(Records from a collection)
↓↓↓
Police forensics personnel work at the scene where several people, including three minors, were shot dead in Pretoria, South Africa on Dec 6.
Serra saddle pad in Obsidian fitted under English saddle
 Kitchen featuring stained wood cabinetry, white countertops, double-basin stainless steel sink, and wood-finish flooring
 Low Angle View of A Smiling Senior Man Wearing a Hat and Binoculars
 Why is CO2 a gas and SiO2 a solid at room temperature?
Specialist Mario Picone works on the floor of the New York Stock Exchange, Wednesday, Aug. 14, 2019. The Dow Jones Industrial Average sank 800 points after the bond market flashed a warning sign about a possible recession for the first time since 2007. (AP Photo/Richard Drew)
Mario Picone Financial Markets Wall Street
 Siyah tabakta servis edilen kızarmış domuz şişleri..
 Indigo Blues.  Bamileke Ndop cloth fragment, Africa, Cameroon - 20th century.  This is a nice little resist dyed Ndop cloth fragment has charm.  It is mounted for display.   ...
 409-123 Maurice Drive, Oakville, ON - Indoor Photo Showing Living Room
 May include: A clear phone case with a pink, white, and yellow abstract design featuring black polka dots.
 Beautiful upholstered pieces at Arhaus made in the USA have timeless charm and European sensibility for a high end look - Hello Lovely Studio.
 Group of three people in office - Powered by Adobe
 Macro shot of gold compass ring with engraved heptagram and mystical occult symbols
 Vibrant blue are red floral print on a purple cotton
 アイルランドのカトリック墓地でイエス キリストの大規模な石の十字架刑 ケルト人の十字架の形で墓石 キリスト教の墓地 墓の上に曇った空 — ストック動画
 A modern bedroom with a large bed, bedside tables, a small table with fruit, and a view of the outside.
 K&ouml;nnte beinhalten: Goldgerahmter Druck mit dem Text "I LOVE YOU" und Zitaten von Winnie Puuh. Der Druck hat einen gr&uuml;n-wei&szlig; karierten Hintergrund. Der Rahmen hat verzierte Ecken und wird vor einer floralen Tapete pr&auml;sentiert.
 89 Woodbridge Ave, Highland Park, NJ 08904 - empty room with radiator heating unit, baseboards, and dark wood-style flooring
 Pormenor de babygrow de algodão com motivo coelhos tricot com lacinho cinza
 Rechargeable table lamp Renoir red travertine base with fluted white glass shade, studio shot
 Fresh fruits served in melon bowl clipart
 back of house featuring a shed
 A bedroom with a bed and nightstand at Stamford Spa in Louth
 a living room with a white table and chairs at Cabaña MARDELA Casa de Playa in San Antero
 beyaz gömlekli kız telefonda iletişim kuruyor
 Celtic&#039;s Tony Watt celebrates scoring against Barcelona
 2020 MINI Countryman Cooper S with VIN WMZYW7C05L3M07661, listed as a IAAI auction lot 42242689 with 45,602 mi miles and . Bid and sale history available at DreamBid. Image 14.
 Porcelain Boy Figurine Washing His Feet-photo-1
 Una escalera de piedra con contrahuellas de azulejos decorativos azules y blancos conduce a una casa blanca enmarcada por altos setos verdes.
↑↑↑
**WHAT TO WORK ON**
From the line with "Celtic&#039;s Tony Watt" through the last line of the records, set down every line exactly as written and leave out all others.

**RESULT FOR THIS TASK**
 Celtic&#039;s Tony Watt celebrates scoring against Barcelona
 2020 MINI Countryman Cooper S with VIN WMZYW7C05L3M07661, listed as a IAAI auction lot 42242689 with 45,602 mi miles and . Bid and sale history available at DreamBid. Image 14.
 Porcelain Boy Figurine Washing His Feet-photo-1
 Una escalera de piedra con contrahuellas de azulejos decorativos azules y blancos conduce a una casa blanca enmarcada por altos setos verdes.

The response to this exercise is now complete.